[Caption-style text data]
☆ ☆ ☆ ☆
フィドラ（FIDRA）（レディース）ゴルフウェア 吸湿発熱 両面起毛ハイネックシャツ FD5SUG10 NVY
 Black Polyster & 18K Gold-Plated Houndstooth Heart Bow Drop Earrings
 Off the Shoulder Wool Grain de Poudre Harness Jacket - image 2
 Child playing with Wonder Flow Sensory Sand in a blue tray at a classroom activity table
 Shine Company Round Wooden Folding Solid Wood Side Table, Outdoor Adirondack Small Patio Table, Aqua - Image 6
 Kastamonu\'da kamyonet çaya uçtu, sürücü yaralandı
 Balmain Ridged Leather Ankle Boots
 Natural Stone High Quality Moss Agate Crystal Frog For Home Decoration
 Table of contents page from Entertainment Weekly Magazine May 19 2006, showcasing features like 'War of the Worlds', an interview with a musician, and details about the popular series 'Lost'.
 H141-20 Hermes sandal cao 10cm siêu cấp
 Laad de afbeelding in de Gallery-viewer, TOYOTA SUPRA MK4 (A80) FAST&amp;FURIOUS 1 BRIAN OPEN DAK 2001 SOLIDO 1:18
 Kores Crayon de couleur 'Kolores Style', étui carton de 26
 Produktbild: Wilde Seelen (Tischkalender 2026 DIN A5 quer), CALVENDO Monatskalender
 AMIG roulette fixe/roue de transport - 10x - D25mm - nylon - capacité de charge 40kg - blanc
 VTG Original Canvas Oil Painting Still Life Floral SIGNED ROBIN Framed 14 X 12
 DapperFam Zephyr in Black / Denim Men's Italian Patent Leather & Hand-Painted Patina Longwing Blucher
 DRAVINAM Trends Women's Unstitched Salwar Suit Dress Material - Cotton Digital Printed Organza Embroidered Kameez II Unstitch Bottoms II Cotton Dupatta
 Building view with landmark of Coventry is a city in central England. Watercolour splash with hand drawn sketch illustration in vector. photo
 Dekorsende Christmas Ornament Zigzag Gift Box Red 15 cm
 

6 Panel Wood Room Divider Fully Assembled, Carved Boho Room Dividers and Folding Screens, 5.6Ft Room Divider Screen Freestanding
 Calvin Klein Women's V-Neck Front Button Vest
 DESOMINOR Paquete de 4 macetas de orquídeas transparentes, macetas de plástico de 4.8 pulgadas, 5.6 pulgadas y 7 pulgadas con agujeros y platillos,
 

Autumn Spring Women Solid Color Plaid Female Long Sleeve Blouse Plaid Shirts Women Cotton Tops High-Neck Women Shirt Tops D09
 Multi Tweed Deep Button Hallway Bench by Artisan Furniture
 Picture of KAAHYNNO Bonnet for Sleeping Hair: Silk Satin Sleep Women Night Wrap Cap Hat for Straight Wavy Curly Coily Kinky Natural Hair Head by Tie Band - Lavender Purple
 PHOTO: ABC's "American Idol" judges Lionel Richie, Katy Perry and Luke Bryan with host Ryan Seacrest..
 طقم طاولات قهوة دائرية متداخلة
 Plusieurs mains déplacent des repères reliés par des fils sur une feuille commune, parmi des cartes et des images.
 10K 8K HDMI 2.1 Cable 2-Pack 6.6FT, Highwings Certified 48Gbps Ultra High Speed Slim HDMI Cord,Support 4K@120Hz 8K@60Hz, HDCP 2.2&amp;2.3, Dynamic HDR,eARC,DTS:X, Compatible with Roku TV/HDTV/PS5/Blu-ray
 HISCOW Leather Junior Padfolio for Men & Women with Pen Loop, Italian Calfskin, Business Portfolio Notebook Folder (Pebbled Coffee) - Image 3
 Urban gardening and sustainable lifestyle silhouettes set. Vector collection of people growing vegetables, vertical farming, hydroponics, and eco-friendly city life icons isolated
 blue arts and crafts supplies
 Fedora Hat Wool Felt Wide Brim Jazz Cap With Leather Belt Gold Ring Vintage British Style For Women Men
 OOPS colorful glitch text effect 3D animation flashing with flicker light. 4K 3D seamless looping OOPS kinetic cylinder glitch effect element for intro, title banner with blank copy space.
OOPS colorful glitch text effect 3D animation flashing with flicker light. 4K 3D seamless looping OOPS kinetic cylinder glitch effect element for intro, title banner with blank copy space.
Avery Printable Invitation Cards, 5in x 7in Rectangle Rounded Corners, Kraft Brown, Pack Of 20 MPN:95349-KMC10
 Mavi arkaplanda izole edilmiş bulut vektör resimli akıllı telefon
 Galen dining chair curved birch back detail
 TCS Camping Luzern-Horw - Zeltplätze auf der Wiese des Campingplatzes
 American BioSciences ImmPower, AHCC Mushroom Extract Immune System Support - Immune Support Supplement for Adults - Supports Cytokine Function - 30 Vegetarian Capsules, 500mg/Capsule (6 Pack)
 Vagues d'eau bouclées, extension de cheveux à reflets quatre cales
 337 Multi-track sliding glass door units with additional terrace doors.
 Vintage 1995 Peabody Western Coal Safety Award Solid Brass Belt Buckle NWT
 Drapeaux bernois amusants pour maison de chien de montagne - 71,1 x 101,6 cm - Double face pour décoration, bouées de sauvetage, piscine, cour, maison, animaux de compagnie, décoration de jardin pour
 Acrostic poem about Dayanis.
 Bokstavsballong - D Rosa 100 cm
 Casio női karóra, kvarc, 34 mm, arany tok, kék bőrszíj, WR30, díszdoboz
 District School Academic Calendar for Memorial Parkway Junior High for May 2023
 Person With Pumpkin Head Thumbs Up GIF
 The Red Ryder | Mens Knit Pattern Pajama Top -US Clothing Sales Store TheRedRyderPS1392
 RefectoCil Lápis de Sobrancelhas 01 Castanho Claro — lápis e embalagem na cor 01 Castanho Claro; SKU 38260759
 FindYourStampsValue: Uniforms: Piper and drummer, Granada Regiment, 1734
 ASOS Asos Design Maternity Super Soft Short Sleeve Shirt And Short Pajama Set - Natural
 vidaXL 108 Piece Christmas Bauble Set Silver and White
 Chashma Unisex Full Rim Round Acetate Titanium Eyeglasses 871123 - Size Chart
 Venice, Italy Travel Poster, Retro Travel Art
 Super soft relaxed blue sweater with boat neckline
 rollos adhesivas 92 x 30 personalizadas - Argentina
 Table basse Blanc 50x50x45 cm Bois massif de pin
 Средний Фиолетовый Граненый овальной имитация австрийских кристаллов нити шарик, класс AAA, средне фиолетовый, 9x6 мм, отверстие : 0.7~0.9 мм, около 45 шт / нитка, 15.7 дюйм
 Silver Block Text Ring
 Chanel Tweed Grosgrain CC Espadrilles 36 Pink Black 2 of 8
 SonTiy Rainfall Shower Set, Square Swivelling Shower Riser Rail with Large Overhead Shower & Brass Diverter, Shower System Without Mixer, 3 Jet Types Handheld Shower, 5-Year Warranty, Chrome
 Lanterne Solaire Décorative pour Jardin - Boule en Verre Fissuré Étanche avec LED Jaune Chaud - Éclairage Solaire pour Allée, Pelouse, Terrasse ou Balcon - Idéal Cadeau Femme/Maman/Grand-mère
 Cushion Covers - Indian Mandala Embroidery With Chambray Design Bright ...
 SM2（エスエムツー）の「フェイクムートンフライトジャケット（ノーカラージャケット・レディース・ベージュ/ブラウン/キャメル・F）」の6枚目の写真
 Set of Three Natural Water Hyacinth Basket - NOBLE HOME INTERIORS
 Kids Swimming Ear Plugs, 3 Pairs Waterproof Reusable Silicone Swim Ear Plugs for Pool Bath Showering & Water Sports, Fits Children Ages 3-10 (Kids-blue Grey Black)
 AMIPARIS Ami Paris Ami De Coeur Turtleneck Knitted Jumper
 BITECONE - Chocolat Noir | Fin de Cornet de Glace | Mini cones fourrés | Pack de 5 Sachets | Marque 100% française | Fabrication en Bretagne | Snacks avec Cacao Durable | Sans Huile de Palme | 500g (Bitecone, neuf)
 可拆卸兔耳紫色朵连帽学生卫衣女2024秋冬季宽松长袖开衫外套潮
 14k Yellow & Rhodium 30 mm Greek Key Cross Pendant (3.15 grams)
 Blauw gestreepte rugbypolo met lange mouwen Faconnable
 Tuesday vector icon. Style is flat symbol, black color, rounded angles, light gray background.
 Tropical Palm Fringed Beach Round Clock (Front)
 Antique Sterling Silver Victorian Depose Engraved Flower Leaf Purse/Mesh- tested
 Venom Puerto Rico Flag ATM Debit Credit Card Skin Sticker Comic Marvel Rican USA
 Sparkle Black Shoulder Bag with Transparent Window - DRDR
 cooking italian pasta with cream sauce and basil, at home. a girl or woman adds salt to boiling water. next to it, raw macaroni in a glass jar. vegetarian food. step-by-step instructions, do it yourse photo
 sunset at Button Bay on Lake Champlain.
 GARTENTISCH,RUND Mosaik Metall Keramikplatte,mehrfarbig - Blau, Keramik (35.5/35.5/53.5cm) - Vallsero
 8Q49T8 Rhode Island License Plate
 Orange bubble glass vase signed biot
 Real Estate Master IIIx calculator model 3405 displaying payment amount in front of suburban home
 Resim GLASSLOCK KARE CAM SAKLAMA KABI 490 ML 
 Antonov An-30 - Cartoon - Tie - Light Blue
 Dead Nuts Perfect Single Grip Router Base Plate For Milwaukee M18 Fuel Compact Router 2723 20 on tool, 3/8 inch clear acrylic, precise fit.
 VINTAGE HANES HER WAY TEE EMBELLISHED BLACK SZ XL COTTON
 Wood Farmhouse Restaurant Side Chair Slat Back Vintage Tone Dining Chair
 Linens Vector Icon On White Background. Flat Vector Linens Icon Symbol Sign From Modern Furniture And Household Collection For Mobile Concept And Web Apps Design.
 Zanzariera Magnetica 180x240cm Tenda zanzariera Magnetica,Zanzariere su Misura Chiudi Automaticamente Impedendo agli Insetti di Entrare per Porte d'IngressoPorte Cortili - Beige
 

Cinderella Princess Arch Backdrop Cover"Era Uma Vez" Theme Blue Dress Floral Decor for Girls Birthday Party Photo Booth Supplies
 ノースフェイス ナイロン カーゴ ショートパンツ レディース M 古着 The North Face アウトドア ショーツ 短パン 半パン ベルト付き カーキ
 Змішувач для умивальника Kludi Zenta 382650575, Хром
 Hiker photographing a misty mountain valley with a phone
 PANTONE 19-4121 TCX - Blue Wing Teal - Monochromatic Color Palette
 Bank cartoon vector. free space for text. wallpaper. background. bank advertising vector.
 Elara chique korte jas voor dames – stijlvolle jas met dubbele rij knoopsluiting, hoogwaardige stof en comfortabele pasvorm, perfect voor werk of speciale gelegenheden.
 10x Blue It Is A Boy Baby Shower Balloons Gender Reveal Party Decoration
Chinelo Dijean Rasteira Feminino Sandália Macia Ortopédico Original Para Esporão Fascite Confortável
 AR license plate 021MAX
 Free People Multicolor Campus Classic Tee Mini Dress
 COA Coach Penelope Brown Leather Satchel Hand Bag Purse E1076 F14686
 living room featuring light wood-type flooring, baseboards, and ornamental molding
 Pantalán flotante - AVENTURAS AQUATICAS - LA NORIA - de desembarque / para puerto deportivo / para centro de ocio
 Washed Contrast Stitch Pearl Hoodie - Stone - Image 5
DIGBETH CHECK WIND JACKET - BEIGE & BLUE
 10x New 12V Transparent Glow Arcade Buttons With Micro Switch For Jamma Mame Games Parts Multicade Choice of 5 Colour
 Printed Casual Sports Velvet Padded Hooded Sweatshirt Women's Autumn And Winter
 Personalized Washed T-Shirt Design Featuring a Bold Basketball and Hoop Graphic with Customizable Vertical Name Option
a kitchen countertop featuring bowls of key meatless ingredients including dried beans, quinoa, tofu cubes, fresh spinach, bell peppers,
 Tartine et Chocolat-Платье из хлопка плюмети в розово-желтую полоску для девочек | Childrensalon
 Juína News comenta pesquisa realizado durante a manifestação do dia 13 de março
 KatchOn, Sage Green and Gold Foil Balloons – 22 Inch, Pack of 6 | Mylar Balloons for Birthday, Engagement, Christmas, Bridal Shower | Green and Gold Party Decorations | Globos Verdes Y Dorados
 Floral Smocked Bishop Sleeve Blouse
☆ ☆ ☆ ☆
▸ About this exercise:
The entries above hold the needed span. Transcribe exactly the lines from the one with "可拆卸兔耳紫色朵连帽学生卫衣女2024秋冬季宽松长袖开衫外套潮" to the one with "Sparkle Black Shoulder", both included.

▸ Exercise output:
 可拆卸兔耳紫色朵连帽学生卫衣女2024秋冬季宽松长袖开衫外套潮
 14k Yellow & Rhodium 30 mm Greek Key Cross Pendant (3.15 grams)
 Blauw gestreepte rugbypolo met lange mouwen Faconnable
 Tuesday vector icon. Style is flat symbol, black color, rounded angles, light gray background.
 Tropical Palm Fringed Beach Round Clock (Front)
 Antique Sterling Silver Victorian Depose Engraved Flower Leaf Purse/Mesh- tested
 Venom Puerto Rico Flag ATM Debit Credit Card Skin Sticker Comic Marvel Rican USA
 Sparkle Black Shoulder Bag with Transparent Window - DRDR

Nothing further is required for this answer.